EXERCISE DATA:
= Beginning of Section =
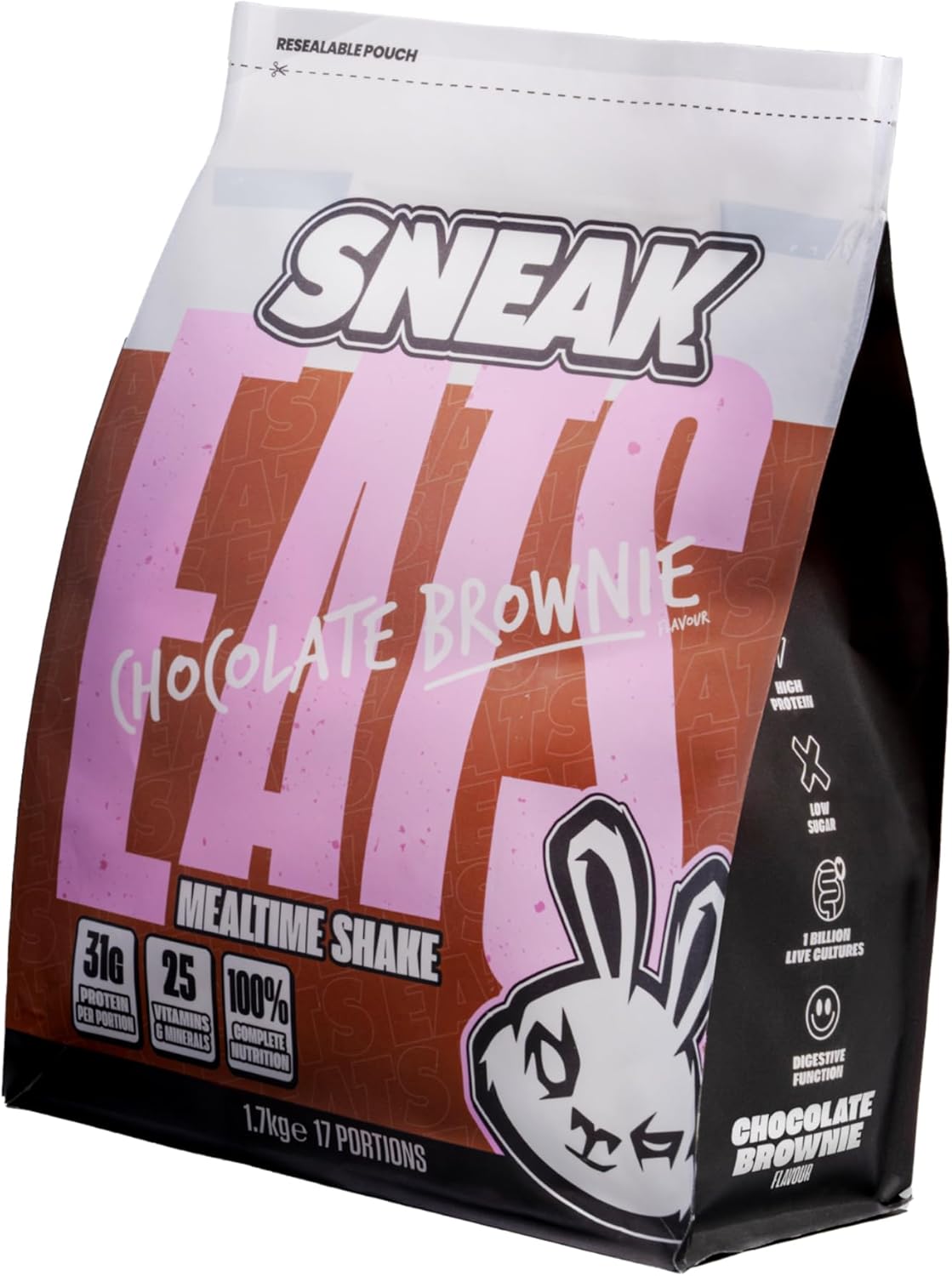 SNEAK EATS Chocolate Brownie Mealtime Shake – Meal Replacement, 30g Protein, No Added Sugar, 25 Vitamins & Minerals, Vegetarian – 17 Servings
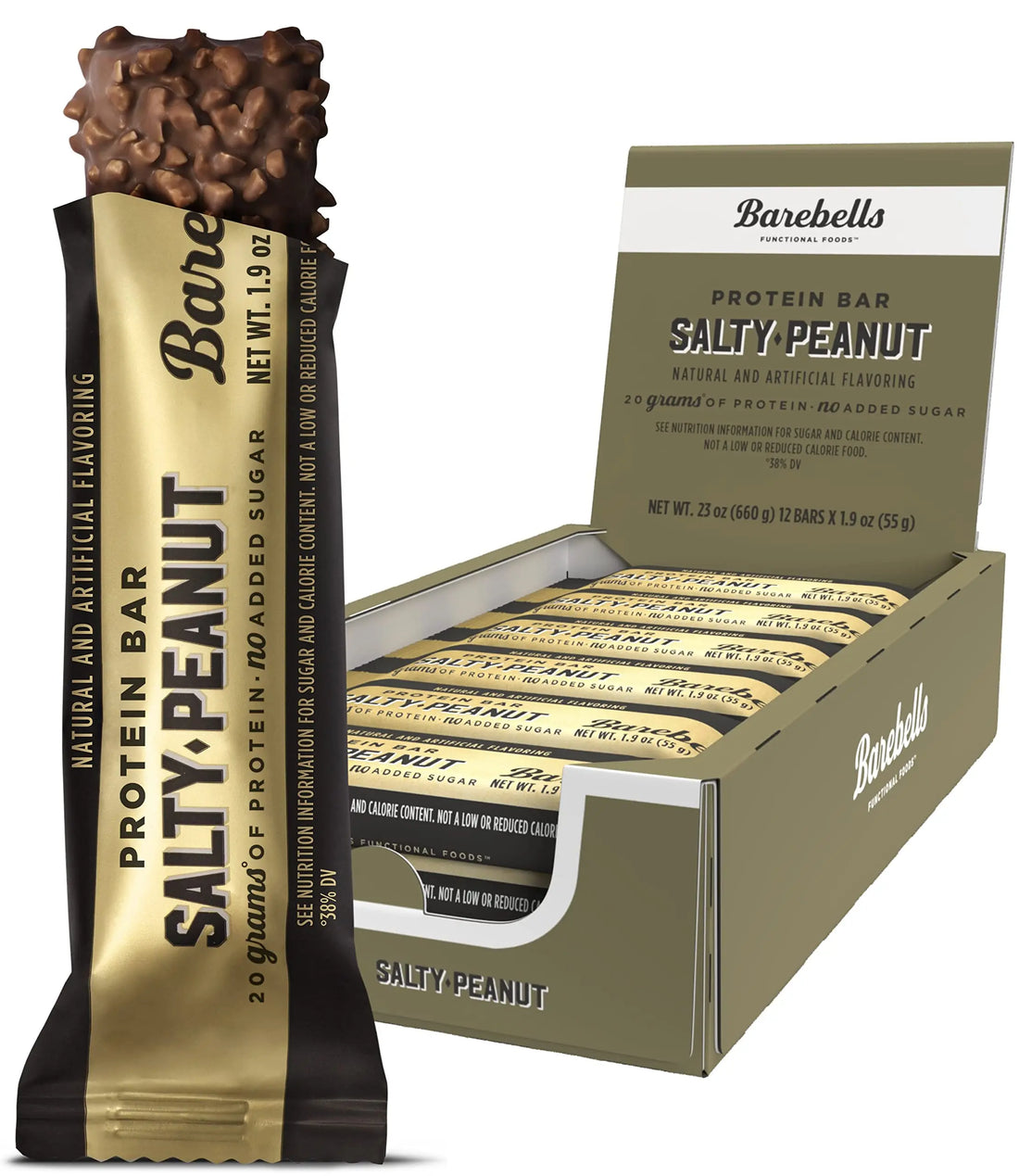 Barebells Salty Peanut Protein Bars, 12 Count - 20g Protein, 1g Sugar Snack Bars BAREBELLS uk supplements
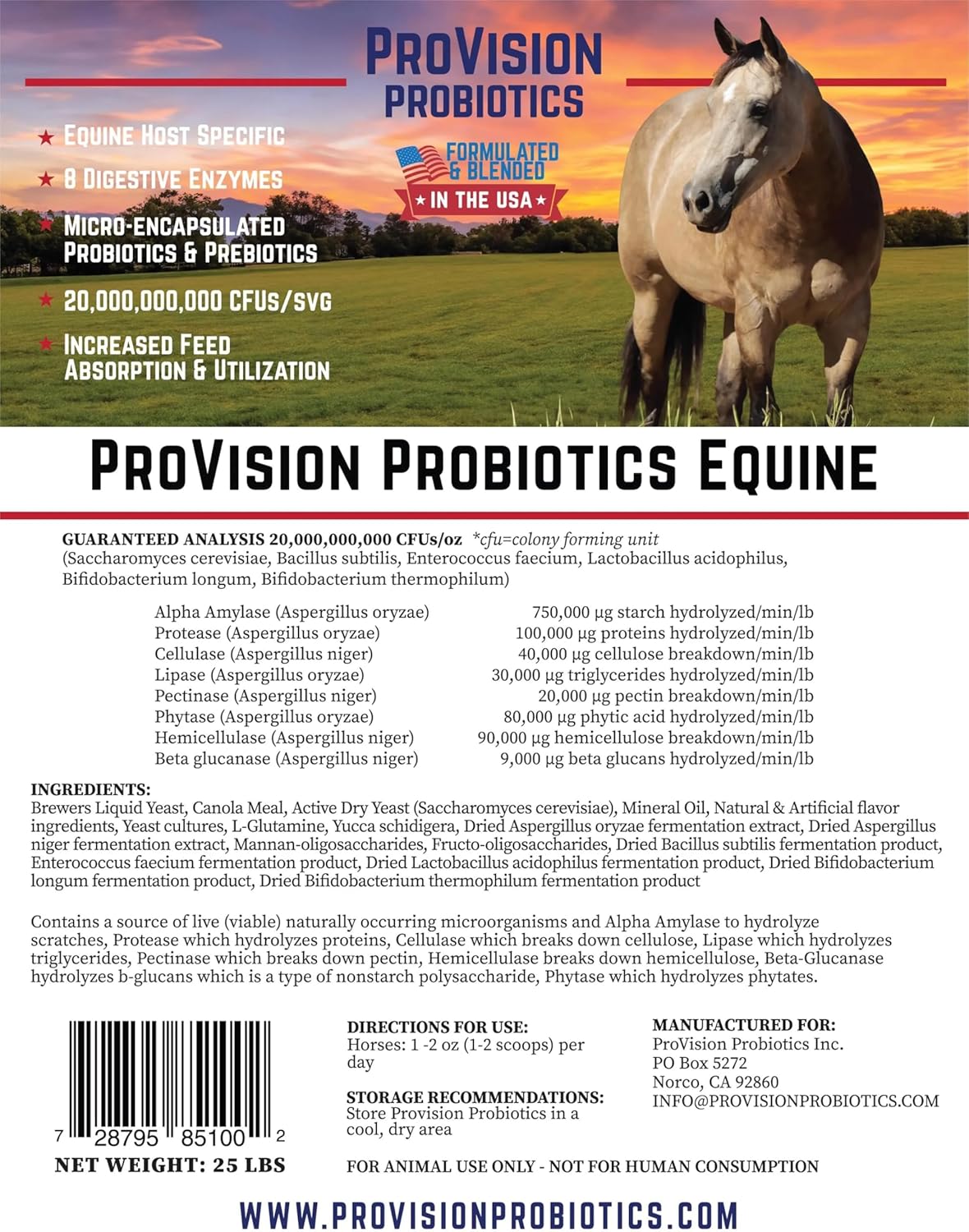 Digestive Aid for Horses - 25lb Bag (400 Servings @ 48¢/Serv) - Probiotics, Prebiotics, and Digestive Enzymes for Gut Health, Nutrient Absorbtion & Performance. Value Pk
= End of Section =
= Beginning of Section =
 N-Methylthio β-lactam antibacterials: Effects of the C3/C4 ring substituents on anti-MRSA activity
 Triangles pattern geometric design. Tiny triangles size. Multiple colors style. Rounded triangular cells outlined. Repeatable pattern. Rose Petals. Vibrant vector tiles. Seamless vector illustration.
= End of Section =
= Beginning of Section =
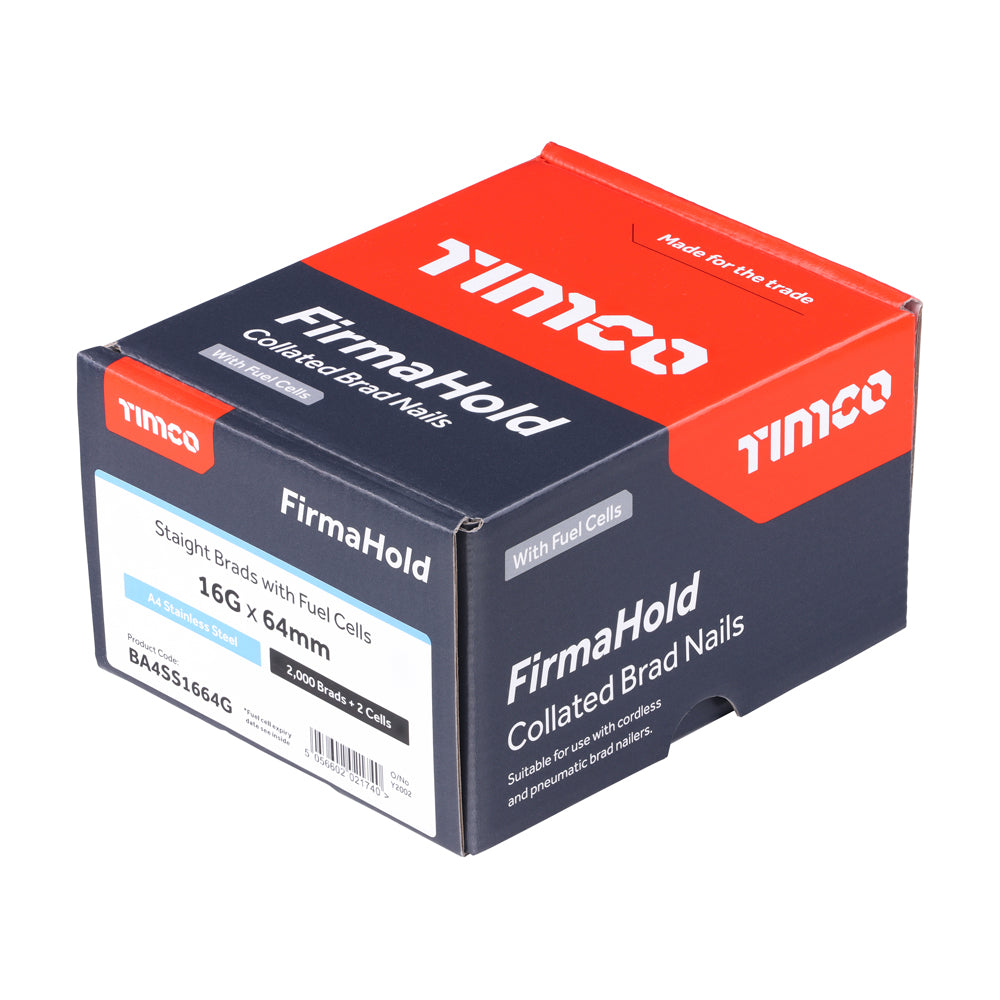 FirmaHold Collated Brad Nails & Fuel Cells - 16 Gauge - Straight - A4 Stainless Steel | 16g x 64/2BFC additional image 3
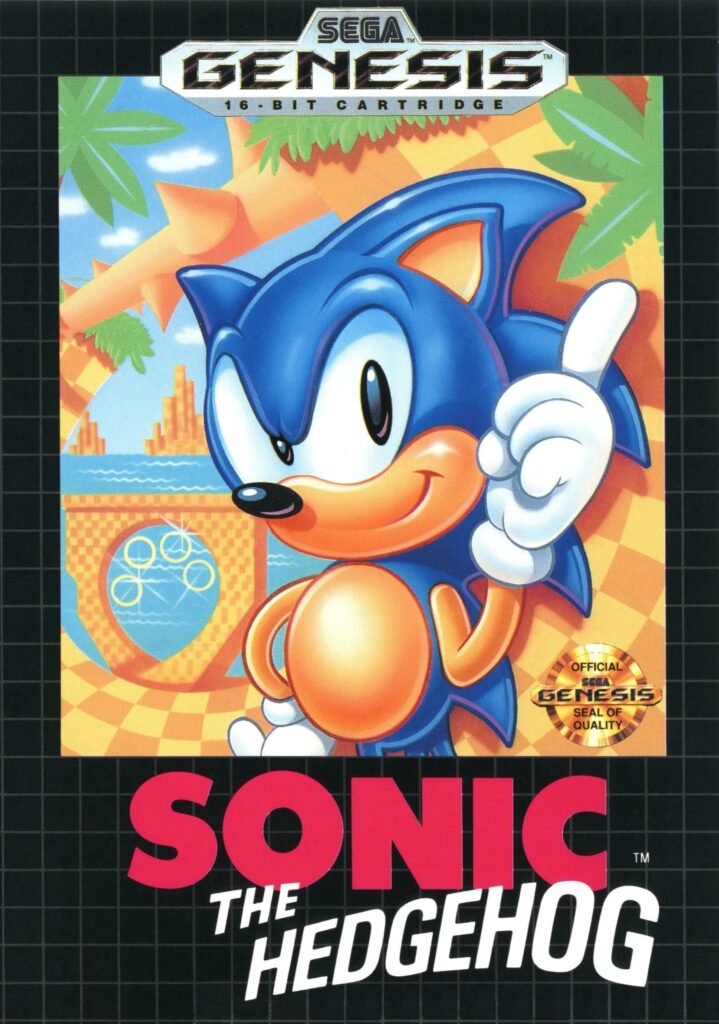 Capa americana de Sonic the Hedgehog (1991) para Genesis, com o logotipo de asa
= End of Section =
From the records above, write out exactly the lines that begin at the line with "SNEAK EATS Chocolate" and end at the line with "Barebells Salty Peanut". Pictures must not appear in the output.

EXERCISE OUTPUT:
 SNEAK EATS Chocolate Brownie Mealtime Shake – Meal Replacement, 30g Protein, No Added Sugar, 25 Vitamins & Minerals, Vegetarian – 17 Servings
 Barebells Salty Peanut Protein Bars, 12 Count - 20g Protein, 1g Sugar Snack Bars BAREBELLS uk supplements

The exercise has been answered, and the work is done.